The aim of the present solid-state NMR study was to characterize the surface species of γ-aminopropyltriethoxysilane (APTS), γ-aminopropyltrimethoxysilane (APTMS), and γ-aminopropyldiethoxymethylsilane (APDMS) on porous silica when the deposition was performed via the gas phase. The reaction temperature used, that is, 150−300 °C, in an atomic layer deposition reactor at a pressure of 20−50 mbar, was observed to distinctly affect the surface species of aminopropylalkoxysilanes on silica.
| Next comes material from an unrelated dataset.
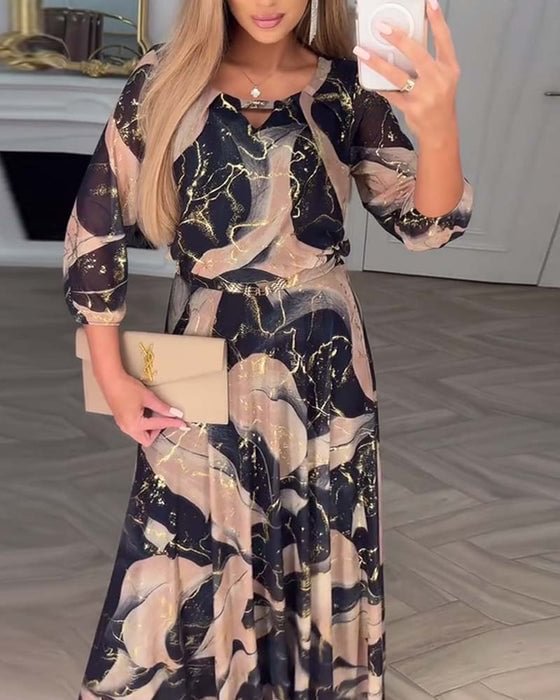 Erika | Elegantes Kleid mit Print und Dreiviertelärmeln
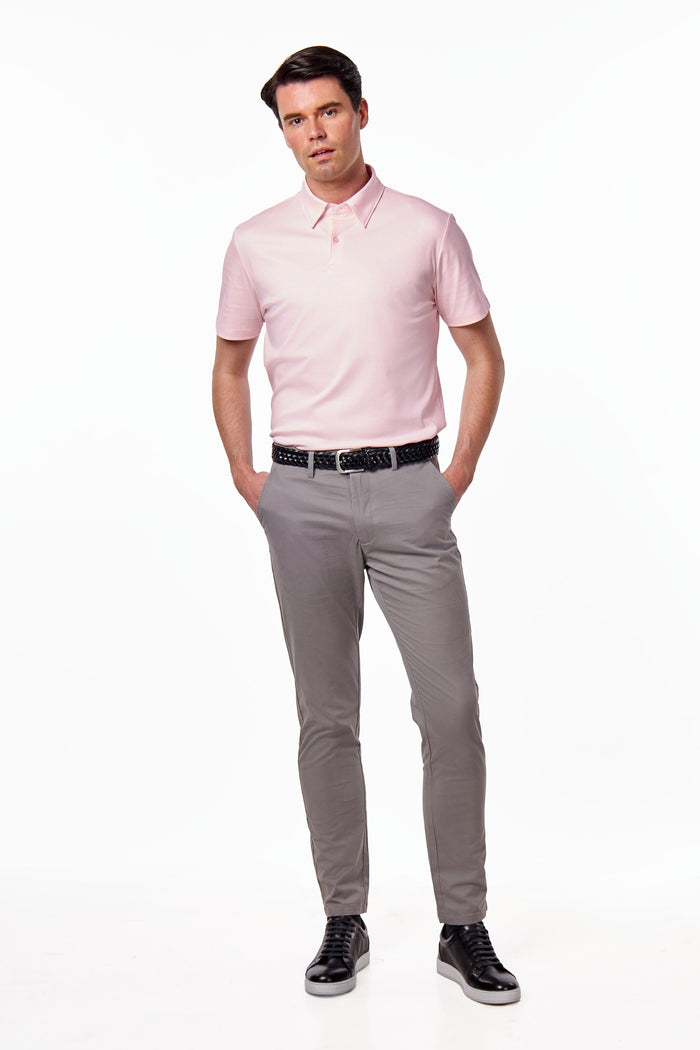 Mercerised Cotton Pink Polo T Shirt Short Sleeve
The gas−solid reactions of the precursors with the silica surface were observed to be surface-limiting at the deposition temperatures of ≤150 °C. On the basis of 29Si CP/MAS NMR, the amino ends of APTS and APTMS molecules were observed to react both with alkoxy groups of other precursor molecules and silanols of silica at deposition temperatures of ≥150 °C forming Si−N linkages. The amino groups of APDMS molecules were observed to react at 150 °C only on silica heat-treated at 200 °C in a similar way. The reaction of amino groups affected also the chemical shifts of the carbon atoms in the propyl chain causing splitting of the peaks in the 13C CP/MAS NMR spectra. At still higher reaction temperatures, especially at 300 °C, decomposition of the surface structures was observed to occur. The bonding modes of trifunctional APTS and bifunctional APDMS on silica heat-treated at 200−800 °C were systematically studied by 29Si and 13C NMR when the deposition was performed at 150 °C. Bi- and tridentate species of APTS were observed on silica pretreated at 200 °C, and mono- and bidentately bound surface structures were observed when silica was heat-treated at 450−800 °C. APTMS was also observed to attach onto silica pretreated at 600 °C in a similar way. APDMS was bound both mono- and bidentately on silica pretreated at 200 °C and at 600−800 °C but solely bidentately on silica pretreated at 450 °C.